The production of chess sets by Gulag labor may well have begun in the Berezovsky Children’s Penal Colony of the Ministry of Internal Affairs, located in Siberia, near Krasnoyarsk. The Krasnoyarsk camp opened in February 1938. It specialized in logging, but prisoners also made furniture, so chess set production was a natural complement. Indeed, Krasnoyarsk sits amidst large pine and birch forests. It was a major hub of the Gulag system under Stalin. The children’s penal colony likely housed the children of prisoners interred in other camps in the Krasnoyarsk area.
Employing children employment in woodworking was a common Gulag practice. According to historian Anne Applebaum, while there are some examples of children’s work camps being assigned to hard physical labor such as mining or forestry in the harshest conditions of the far north, most children’s camps were dedicated to wood-working, metal work, and sewing. Gulag rules provided that children split their time between work and schooling, but the rules most often were honored in the breach. Camps often had no schools. Children faced the same deplorable living conditions and treatment as adult prisoners.

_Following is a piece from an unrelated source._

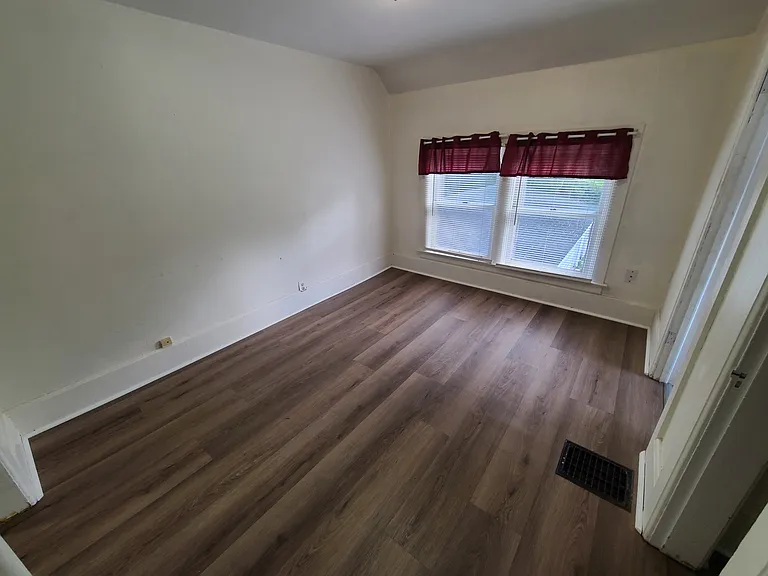811 Elmore St #2 — Photo 9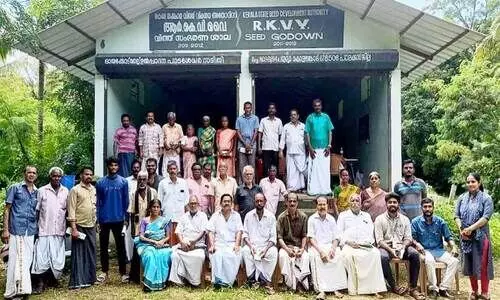 കൊല്ലങ്കോട് മാതക്കോട് പാടശേഖരസമിതി നെൽക്കതിർ അവാർഡിന്റെ പൊൻതിളക്കത്തിൽ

Here is an example of a first quality set the children of the Berezovsky camp made, and the stamp in its board.
Here is an example of a second quality set made in this camp, identified by a stamp inside its board/box.
Neither box bears a date stamp, but we can reasonably date them as pre-1939, when Gulag production began bearing a five-pointed star as a registered trademark.
The design is both very simple and surprisingly elegant. Simplicity of design made sense for a set that was to be produced by unskilled or semi-skilled child Gulag labor. The bases and stems of the royals, clerics, and pawns form a cone, providing the pieces a good degree of balance. The “step-up” base characterizing the base-to-stem transition of the traditional Staunton design has been simplified to a circular cut. The stem ends at a disc-shaped pedestal, but the double collars characteristic of Staunton clerics and royals have been eliminated. The royals’ crowns are simply turned, the Staunton cross replaced by a tear-shaped turned finial on the king’s crown, and pointed crenels replaced by simple cuts on the queen’s coronet. The elaborately carved Elgin Marble knight has been replaced by a simply carved horse of a pleasing shape but little detail. The kings are 90 mm. The pieces are weighted with plaster. The set is made of birch, and the black pieces are simply painted. The design was successful and was produced all the way to the end of the Soviet Union, albeit in different production facilities over time. Later versions were unweighted.
Portuguese collector and historian Arlindo Vieira admired the design’s simple, slim bodies and broad bases, which afforded the pieces stability during play. He found them “elegant” and “aesthetically very pleasing” even though they are made from “poor” wood. In these ways, they reflect the “simplicity in manufacture, without great details in the pieces,” which results from “the need for serial manufacture” at “affordable prices” characteristic of Soviet pieces.
Vieira called the design “Latvian” because he found it in many pictures of Latvian events in which pieces like these were used. Many contemporary collectors of Soviet sets today would identify the pieces as “Latvian,” notwithstanding that over the course of six decades they apparently were manufactured in multiple locations from Moscow to Mordovia. However, artist-collector Alan Power and others have begun to call the pieces “Mordovian-Latvian,” or simply “Mordovian,” reflecting our our understanding that many sets of this design were manufactured in a Mordovian Gulag in the late 1940s and 1950s.
I also have seen the design referred to as “Tal’s favorite” or the “Latvian Tal” set. The basis for such claims is an exuberant exclamation Vieira uttered in his iconic 2012 video on Soviet chess sets, but neither he nor anyone else has offered any evidence for the claim other than Tal is seen playing with such pieces in several photos. Those photos by themselves do not reasonably support any claim of a special relationship between Tal and the design.
I am thinking of referring to this style as the Berezovsky design because this is where it appears to have originated based on the board stamps. I think that would be fitting homage to the child prisoners of the Gulag who first made them.